(Records supplied Opens)

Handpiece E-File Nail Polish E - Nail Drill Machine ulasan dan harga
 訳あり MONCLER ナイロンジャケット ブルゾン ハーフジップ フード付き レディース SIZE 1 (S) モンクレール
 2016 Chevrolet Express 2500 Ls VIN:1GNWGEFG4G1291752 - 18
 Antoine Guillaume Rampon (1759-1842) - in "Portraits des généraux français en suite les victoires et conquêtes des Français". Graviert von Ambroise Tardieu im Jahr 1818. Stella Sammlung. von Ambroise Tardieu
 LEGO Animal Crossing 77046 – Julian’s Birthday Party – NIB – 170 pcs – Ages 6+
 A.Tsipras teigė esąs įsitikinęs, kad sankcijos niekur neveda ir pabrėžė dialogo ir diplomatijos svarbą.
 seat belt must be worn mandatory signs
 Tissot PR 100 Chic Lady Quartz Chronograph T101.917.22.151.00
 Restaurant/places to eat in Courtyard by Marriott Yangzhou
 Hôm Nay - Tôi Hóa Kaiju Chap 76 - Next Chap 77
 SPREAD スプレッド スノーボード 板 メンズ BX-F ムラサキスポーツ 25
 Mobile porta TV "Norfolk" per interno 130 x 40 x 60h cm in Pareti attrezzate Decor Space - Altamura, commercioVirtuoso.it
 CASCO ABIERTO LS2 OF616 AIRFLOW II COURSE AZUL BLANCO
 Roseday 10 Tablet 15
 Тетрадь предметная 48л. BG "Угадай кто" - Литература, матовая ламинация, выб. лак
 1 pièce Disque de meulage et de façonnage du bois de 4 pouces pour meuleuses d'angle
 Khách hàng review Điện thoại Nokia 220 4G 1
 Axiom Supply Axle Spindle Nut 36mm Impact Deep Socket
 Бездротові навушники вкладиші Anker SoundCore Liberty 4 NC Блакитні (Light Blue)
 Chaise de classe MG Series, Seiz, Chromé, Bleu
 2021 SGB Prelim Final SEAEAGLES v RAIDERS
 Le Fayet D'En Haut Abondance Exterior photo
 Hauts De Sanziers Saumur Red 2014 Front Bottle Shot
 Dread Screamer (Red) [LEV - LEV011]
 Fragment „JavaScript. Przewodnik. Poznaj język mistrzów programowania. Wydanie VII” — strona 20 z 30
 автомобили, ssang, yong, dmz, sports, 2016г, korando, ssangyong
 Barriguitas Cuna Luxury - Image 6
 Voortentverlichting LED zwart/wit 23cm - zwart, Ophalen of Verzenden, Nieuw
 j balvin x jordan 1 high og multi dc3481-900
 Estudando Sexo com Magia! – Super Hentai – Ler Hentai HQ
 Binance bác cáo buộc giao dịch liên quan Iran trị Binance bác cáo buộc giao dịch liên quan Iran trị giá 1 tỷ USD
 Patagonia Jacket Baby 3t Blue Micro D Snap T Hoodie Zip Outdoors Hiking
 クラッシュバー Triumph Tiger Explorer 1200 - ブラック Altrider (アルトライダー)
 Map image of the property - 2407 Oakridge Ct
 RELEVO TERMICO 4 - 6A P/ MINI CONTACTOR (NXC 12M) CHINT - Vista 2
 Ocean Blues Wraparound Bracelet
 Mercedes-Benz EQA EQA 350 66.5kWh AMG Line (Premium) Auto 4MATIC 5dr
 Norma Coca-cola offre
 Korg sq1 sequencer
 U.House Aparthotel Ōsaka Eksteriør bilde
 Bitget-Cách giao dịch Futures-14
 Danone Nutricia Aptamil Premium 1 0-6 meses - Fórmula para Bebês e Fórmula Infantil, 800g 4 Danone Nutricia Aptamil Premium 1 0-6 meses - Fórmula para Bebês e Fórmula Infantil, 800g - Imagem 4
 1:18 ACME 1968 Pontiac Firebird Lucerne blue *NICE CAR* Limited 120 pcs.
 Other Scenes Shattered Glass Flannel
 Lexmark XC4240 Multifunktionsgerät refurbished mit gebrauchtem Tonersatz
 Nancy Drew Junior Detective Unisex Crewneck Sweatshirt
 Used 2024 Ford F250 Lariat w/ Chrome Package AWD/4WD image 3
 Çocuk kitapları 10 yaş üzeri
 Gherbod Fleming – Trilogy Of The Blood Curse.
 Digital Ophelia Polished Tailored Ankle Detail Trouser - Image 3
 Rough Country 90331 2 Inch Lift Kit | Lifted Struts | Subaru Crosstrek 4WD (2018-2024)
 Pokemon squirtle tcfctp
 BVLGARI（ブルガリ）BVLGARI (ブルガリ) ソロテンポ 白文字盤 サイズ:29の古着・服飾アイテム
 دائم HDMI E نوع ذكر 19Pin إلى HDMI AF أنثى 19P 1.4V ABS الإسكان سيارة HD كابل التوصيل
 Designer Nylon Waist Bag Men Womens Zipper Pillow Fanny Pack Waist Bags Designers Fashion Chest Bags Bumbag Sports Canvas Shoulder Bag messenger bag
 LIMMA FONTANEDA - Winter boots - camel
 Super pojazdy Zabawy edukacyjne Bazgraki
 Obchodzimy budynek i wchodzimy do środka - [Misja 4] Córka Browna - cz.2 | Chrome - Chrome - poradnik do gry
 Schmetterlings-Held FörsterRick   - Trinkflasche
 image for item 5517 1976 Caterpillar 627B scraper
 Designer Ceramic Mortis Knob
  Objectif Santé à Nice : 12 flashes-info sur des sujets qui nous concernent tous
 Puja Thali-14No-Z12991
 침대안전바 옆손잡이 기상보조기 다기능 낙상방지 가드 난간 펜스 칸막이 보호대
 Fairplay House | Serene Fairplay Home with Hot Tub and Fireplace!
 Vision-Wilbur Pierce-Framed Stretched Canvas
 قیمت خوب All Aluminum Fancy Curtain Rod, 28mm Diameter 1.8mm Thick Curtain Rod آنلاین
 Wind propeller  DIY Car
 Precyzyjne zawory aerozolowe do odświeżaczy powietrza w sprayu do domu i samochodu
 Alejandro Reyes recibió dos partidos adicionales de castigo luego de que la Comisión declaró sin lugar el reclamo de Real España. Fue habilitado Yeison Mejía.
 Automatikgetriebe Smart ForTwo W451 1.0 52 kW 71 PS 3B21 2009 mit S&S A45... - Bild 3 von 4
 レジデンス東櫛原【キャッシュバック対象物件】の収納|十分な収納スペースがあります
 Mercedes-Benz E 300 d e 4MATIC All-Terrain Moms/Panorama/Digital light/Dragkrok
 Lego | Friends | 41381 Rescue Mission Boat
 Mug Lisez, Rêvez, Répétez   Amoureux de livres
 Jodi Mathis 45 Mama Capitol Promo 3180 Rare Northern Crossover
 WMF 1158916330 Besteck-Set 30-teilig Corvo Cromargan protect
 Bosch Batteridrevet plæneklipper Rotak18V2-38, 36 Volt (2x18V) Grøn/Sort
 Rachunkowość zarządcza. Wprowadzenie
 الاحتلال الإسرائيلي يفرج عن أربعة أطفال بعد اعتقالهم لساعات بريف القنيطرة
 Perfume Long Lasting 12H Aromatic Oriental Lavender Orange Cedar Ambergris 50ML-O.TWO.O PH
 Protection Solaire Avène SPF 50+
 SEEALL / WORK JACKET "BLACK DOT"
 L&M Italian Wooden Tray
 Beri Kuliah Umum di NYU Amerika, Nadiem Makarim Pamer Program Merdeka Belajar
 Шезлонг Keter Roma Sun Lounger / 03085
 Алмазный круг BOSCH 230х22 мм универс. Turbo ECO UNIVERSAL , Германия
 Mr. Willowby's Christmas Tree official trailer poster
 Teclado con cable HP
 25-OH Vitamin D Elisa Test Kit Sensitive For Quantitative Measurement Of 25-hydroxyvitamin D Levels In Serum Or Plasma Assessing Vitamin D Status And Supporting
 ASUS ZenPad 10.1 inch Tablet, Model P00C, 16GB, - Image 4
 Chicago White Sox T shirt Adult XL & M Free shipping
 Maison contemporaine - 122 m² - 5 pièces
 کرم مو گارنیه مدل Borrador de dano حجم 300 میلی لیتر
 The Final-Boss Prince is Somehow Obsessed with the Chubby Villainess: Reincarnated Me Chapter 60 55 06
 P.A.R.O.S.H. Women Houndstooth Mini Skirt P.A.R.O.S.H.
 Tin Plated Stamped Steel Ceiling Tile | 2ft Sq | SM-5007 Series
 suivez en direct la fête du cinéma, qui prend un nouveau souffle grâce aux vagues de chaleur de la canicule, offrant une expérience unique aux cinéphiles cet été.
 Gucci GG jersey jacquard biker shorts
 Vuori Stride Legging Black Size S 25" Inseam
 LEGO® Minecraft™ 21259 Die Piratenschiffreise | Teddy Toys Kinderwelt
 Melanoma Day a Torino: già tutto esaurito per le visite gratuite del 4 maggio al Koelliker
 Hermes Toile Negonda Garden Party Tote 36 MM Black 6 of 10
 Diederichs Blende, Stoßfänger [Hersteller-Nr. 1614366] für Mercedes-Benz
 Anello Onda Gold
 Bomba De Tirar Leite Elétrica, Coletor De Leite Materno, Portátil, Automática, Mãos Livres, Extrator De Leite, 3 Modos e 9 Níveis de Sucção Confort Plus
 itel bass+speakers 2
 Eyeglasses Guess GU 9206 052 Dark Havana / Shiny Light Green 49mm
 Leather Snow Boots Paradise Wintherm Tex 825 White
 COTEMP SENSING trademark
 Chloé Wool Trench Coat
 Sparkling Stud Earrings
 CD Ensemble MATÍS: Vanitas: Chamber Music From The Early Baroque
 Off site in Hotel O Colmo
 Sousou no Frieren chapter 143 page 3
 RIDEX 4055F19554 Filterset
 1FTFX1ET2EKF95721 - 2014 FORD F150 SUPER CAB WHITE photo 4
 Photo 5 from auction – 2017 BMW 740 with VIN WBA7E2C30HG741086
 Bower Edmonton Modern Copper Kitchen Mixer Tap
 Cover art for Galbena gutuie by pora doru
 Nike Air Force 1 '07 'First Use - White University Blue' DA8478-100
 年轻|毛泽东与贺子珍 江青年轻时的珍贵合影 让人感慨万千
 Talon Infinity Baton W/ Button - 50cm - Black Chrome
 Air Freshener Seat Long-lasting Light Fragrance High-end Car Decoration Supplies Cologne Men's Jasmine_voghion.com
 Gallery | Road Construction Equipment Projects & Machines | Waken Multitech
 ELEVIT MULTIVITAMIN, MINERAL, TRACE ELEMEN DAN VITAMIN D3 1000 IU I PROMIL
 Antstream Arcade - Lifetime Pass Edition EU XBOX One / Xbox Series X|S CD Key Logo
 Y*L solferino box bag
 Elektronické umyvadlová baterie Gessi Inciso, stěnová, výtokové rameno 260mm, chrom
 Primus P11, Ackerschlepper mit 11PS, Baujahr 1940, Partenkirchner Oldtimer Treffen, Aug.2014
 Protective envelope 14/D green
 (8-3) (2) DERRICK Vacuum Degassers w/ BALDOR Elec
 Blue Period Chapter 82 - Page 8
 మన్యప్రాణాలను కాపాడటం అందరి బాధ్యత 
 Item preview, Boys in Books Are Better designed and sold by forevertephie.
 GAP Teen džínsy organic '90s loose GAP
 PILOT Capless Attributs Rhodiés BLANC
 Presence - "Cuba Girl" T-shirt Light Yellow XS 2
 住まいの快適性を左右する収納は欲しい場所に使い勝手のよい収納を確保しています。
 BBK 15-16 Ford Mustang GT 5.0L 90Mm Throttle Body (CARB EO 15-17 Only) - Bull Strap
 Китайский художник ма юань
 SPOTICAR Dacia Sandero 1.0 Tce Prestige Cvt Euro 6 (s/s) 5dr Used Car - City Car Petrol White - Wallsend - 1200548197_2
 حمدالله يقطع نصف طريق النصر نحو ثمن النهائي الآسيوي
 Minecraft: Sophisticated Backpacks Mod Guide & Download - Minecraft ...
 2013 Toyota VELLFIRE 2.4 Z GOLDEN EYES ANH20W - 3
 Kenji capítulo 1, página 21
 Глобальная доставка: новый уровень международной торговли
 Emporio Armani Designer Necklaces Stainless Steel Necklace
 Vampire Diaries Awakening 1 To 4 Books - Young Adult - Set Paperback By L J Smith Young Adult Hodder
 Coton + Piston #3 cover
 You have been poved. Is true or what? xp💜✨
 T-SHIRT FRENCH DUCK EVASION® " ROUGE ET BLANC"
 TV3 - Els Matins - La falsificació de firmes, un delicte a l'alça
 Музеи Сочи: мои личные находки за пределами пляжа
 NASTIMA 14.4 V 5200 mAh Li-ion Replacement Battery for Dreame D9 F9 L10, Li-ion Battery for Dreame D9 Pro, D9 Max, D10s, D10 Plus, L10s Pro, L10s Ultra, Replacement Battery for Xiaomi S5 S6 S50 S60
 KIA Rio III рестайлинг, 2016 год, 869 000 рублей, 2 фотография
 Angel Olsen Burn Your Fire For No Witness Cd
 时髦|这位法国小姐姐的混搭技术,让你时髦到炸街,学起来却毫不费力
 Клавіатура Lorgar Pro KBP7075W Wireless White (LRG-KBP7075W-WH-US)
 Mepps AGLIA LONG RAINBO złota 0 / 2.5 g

(Records supplied Closes)

Task to carry out — Exact reproduction is required: output the lines from the start of the entries above through the line with "Estudando Sexo com".

Solution to the problem —
Handpiece E-File Nail Polish E - Nail Drill Machine ulasan dan harga
 訳あり MONCLER ナイロンジャケット ブルゾン ハーフジップ フード付き レディース SIZE 1 (S) モンクレール
 2016 Chevrolet Express 2500 Ls VIN:1GNWGEFG4G1291752 - 18
 Antoine Guillaume Rampon (1759-1842) - in "Portraits des généraux français en suite les victoires et conquêtes des Français". Graviert von Ambroise Tardieu im Jahr 1818. Stella Sammlung. von Ambroise Tardieu
 LEGO Animal Crossing 77046 – Julian’s Birthday Party – NIB – 170 pcs – Ages 6+
 A.Tsipras teigė esąs įsitikinęs, kad sankcijos niekur neveda ir pabrėžė dialogo ir diplomatijos svarbą.
 seat belt must be worn mandatory signs
 Tissot PR 100 Chic Lady Quartz Chronograph T101.917.22.151.00
 Restaurant/places to eat in Courtyard by Marriott Yangzhou
 Hôm Nay - Tôi Hóa Kaiju Chap 76 - Next Chap 77
 SPREAD スプレッド スノーボード 板 メンズ BX-F ムラサキスポーツ 25
 Mobile porta TV "Norfolk" per interno 130 x 40 x 60h cm in Pareti attrezzate Decor Space - Altamura, commercioVirtuoso.it
 CASCO ABIERTO LS2 OF616 AIRFLOW II COURSE AZUL BLANCO
 Roseday 10 Tablet 15
 Тетрадь предметная 48л. BG "Угадай кто" - Литература, матовая ламинация, выб. лак
 1 pièce Disque de meulage et de façonnage du bois de 4 pouces pour meuleuses d'angle
 Khách hàng review Điện thoại Nokia 220 4G 1
 Axiom Supply Axle Spindle Nut 36mm Impact Deep Socket
 Бездротові навушники вкладиші Anker SoundCore Liberty 4 NC Блакитні (Light Blue)
 Chaise de classe MG Series, Seiz, Chromé, Bleu
 2021 SGB Prelim Final SEAEAGLES v RAIDERS
 Le Fayet D'En Haut Abondance Exterior photo
 Hauts De Sanziers Saumur Red 2014 Front Bottle Shot
 Dread Screamer (Red) [LEV - LEV011]
 Fragment „JavaScript. Przewodnik. Poznaj język mistrzów programowania. Wydanie VII” — strona 20 z 30
 автомобили, ssang, yong, dmz, sports, 2016г, korando, ssangyong
 Barriguitas Cuna Luxury - Image 6
 Voortentverlichting LED zwart/wit 23cm - zwart, Ophalen of Verzenden, Nieuw
 j balvin x jordan 1 high og multi dc3481-900
 Estudando Sexo com Magia! – Super Hentai – Ler Hentai HQ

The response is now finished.